It is widespread as a legal means of regulating relations between traders

The market plays an important role in regulating the production, exchange, distribution and consumption of goods and services. The practice shows that it is not enough consumers to be only provided with an opportunity to receive satisfying their needs products and services, but it is necessary these products and services to be available in adequate quantities and quality on an accessible location and at a convenient time. These aspects, namely, define the distribution as an opportunity, through which, on the one hand, individuals and groups of people receive what they need, and, on the other, producers realize the results of their activity.

The distribution agreements are inherently a tool by which one party (producer, supplier) uses the skills, effort and network of the other party (distributor) for realization of the products and/or services on the market. The distribution agreement is widespread as a legal mean of regulating relations between traders in the real economic relations, as the distributor sells at their own name and for their own account, reselling the goods, purchased from the producer, and receiving commercial gain, but the legal regulation of this type of agreements in Bulgaria is limited.

The parties are free to negotiate the terms of the distribution agreements, provided they do not conflict with the general provisions of the law. Due to the similarity of the distribution agreement with the buy-sale agreement and the commercial agency agreement, thereto shall apply the rules, established for these institutes, but at the same time introduced are some additional elements, for example relating to the granting of exclusive or non-exclusive right of the distributor to sell the goods of the producer, obligation of the distributor to organize and maintain service for the goods, establishing a common pricing policy and others. Namely because of the specific activity of producers and distributors and public relations that govern these agreements, it is necessary to take into account the norms, relating to the requirement for no limiting and distorting competition.

In terms of competition law, the distribution agreement falls within the scope of the so-called vertical agreements. These are buy-sell agreements of goods or services, which are concluded between undertakings, operating at different levels of the market.
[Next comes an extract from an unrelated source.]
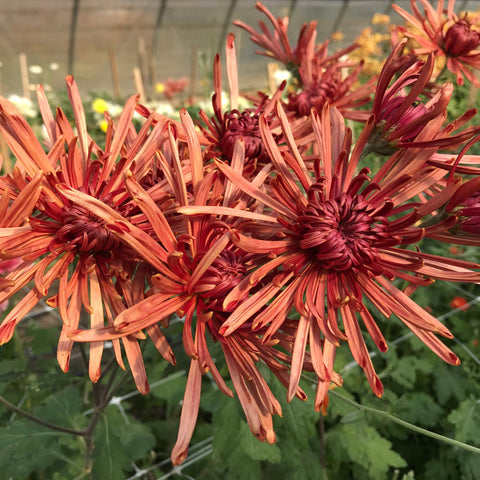 Mum Rooted Cutting-Seaton's Toffee - Sunny Meadows Flower Farm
Usually, the vertical agreements, where the undertakings only define the price and the quantity of the product, subject to buy-sell, do not restrict competition. Moreover, under Regulation (EU) №330/2010 of the Commission certain vertical agreements may lead to increase the economic efficiency by facilitating better coordination between the participating undertakings. They can lead to cost reduction and optimization of sales and investments.

In many cases, the parties to such contracts negotiate certain restrictions, such as an obligation of the distributor not to buy goods from a competing brand, an obligation for the producer to sell their products only to a particular distributor, an obligation of the producer not to sell to another distributor in a specific territory, defining of a selling price, prohibition of sale to end customers outside the region of the distributor and others.

The agreements, defining directly trade restrictive conditions, are prohibited under the Bulgarian legislation.

According to the Law on protection of competition all types of agreements between undertakings, which have as their purpose prevention, restriction or distortion of the competition in the market, are prohibited, such as: (i) directly or indirectly defining of prices or any other trading conditions; (ii) allocation of markets or sources of supply; (iii) limiting or controlling the production, trade, technical development or investments; (iv) applying different conditions for the same type of agreements in respect of certain partners, thereby placing them at a disadvantage as competitors; (v) making the conclusion of contracts subject to acceptance by the other party of supplementary obligations or concluding additional agreements, which, by their nature or according to the usual commercial usage are not connected with the subject of the main agreement or with its implementation.

These agreements are void and do not lead to any legal effect. The purpose of the introduced prohibition is to guarantee that any undertaking, involved or potentially involved in the market, will have the ability to independently choose its trading practices (including the relations with its customers and suppliers).

According to the constant practice of the Commission for protection of competition (CPC), in order a violation of the general prohibition to be established, the cumulative presence of the following elements is necessary: 1. a participant on the respective market that possesses the characteristics of an independent “undertaking”. The distributor, participant in a specific agreement, is an independent economically principal, if they undertake the financial and commercial risk, arising from the agreement, and their behavior on the marked does not characterize it as part of the undertaking producer. 2. existence of an agreement between undertakings. It can be formal informal, preliminary or framework agreements and others. 3. the agreement has to be likely to cause certain anti-competitive effect, expressed in purpose or result prevention, restriction or distortion of the competition. In its practice the CPC points that the establishment of an anti-competitive purpose of a specific agreement does not refer to the subjective intention of the parties, but to the creation of an objective possibility in the particular economical context, in which the agreement will have effect, to lead to violation of the competition on the relevant market. With other words, the existence of an anti-competitive purpose is sufficient to prove the committed violation of the general prohibition, without any need of proving an anti-competitive result.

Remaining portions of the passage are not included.